The image below shows an example of a local starting resource distribution for a typical 4 player skirmish map. Each circle represents a different region, roughly colour-coded to the type of resource it represents (green for trees, yellow for gold, grey for stone, purple for berries, white for sheep).
Pass #2: Balanced Distributions
Balanced resource distributions are prioritized next, as these are next in terms of gameplay priority.
This includes all on-map gold, stone, settlements, and religious objects. This method of distribution uses the ideas of "Contested" vs "Accessible" areas of a map to ensure that there are (1) resources the players feel they can safely colonize and harvest, and (2) resources further out in the field to fight over.
The image below shows the areas of the map that are contested between the lower-left and upper-left player.

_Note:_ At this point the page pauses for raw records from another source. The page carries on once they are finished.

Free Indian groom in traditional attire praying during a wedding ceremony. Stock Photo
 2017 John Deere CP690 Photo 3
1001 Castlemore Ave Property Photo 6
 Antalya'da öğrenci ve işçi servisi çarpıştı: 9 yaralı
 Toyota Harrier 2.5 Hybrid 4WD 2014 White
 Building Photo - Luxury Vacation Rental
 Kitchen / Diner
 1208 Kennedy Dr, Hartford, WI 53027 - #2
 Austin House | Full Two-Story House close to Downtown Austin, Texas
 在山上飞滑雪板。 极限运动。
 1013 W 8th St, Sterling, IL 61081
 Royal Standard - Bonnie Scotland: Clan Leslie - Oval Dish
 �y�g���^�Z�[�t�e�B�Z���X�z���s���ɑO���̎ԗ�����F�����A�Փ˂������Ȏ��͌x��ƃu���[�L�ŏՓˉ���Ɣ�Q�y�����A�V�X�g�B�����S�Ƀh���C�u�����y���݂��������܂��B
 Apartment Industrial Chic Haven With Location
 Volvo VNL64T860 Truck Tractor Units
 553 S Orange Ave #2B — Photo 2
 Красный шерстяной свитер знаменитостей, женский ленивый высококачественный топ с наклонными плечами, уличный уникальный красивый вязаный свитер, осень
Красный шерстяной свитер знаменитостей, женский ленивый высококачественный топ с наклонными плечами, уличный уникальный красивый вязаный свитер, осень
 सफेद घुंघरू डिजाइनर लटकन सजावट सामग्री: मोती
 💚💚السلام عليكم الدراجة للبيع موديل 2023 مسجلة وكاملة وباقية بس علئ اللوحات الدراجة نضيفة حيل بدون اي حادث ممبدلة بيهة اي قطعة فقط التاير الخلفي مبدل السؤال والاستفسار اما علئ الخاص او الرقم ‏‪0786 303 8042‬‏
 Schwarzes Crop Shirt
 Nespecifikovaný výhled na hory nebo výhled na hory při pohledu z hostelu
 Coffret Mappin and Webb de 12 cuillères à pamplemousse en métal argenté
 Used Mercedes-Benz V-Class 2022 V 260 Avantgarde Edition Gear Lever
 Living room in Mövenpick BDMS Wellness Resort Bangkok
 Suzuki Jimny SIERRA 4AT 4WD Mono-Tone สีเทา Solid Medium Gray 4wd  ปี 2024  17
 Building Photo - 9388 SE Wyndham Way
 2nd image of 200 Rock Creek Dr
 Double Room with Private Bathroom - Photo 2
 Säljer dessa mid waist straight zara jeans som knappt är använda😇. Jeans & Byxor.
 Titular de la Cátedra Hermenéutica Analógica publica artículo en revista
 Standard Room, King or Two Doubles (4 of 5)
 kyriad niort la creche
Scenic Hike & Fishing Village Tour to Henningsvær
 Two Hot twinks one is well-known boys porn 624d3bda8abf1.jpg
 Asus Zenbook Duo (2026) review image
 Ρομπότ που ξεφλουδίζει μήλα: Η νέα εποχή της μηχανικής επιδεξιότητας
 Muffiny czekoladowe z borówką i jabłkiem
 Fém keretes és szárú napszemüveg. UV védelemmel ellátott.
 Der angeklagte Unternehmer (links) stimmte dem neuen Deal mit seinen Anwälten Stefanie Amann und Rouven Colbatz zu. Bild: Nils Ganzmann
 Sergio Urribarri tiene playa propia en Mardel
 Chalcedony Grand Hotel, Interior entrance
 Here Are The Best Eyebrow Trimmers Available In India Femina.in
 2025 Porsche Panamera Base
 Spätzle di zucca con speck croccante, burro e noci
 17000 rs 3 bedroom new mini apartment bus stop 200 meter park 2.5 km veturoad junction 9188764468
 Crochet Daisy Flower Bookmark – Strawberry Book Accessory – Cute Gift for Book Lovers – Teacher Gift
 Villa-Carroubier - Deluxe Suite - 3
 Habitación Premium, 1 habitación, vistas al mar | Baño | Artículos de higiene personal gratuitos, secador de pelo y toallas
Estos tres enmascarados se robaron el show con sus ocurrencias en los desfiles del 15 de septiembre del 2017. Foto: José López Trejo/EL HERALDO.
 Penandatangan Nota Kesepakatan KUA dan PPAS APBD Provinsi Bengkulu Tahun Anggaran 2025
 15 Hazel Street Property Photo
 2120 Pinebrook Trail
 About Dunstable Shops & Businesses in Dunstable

Pass #3: Global Biome Distributions
Depending on the map, each biome may have a separate set of global distributions set to spawn.
Because this is a more specific set of data, this biome distribution takes a higher priority than the generic global distribution set outside the biome settings on the map. This ensures that any biome-specific objects you want on your map will be spawned before the generic global objects.
In all other ways, these distributions function exactly like other global distributions.
The image below shows a sample Global Biome Distribution spawned on an instance of Boulder Bay.
Pass #4: Global Distributions
Global distributions go last, due to the fact that most of the global distribution lists are comprised of our map "dressing", such as non-essential rocks, bushes, and other environment objects.
Trees are included here as well, due to their sheer quantity and relative unimportance to player strategy (individual trees as not as important as gold or stone, for example).
The image below shows all local and global regions spawned on a map.
Terrain Types
A Terrain Type is a wrapper for data that gets used to generate a part of a map.
Each Terrain Type can be characterized by: (1) what it does to terrain elevation, and (2) if it spawns something via a local distribution.
The Terrain Table is built mostly out of different Terrain Types, with each type corresponding to one "square" of terrain.
Most of these are self explanatory, such as tt_mountains being used to create mountains. Others, such as tt_settlement_plains, are used specifically to spawn a Trade Post on flat ground, while others, like tt_player_start_classic_plains, sets a local distribution full of the standard starting resources.
In this terrain type example, there are a number of things to note:
- Global distribution blocking radius - this will control if an area around the centre of this terrain square is blocked from placing anything from the map's global distribution, including things such as forests, bushes, animals, and whatever else may be in your global distribution.
- Is lake source - if set to true, will attempt to spawn water if there is a concave shape of the terrain within the square.
- Local distribution priority - this will let you control the ordering of local distributions. A higher number will help ensure that this local distribution spawns earlier.
- Local distributions - this is a list of objects or resources that this terrain type will spawn, with a radius from the centre of this square.
- Min cliff height - this will let this square form a cliff if adjacent squares are above or below this square's height threshold.
- Terrain height params - this is what sets the terrain behavior of this terrain type.
- Higher amplitude will mean higher deviation from the base height, and is used for things like mountains.
- A positive direction bias (above 0) will mean that any variation in height from the base will tend up, making hills and mountains. A negative bias will form valleys.
- Shift variance will determine how much the height can deviate from the base height. Rolling hills and mountains will want a potentially higher variance.
- Height over width is the base height of the terrain. Higher values will give hills, lower values will give valleys, without factoring in any variance or amplitude.